INSTRUCTIONS TO FOLLOW — With the pictures left out, repeat every entry that follows exactly.

=== Section Start ===

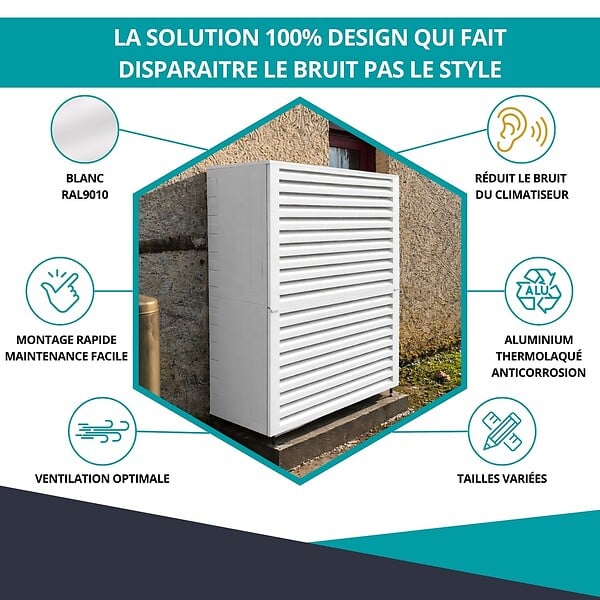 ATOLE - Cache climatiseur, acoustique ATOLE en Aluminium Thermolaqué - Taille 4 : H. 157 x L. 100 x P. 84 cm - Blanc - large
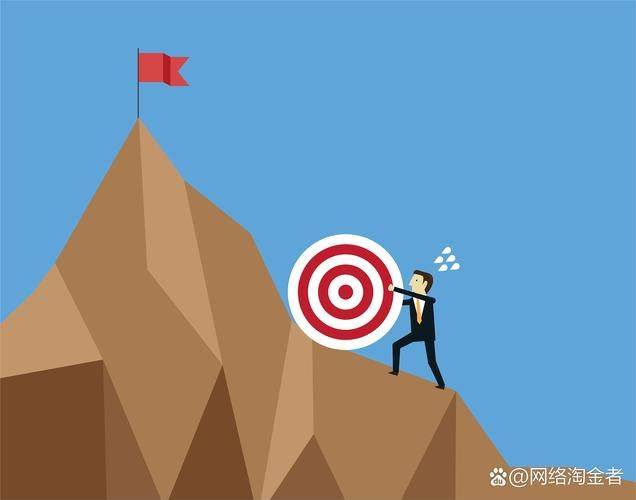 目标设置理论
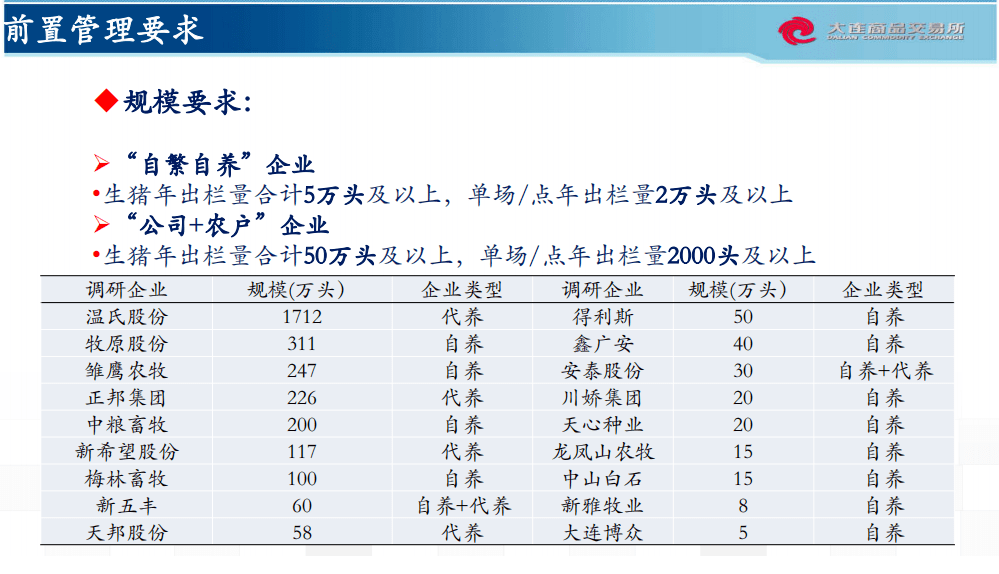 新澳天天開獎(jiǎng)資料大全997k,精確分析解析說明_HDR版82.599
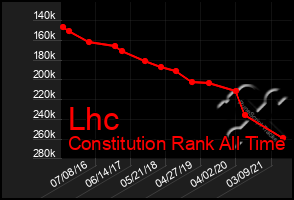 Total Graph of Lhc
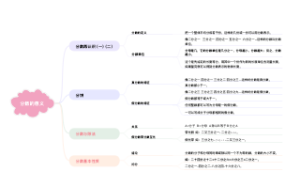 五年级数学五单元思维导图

=== Section End ===

SOLVED EXERCISE —
 ATOLE - Cache climatiseur, acoustique ATOLE en Aluminium Thermolaqué - Taille 4 : H. 157 x L. 100 x P. 84 cm - Blanc - large
 目标设置理论
 新澳天天開獎(jiǎng)資料大全997k,精確分析解析說明_HDR版82.599
 Total Graph of Lhc
 五年级数学五单元思维导图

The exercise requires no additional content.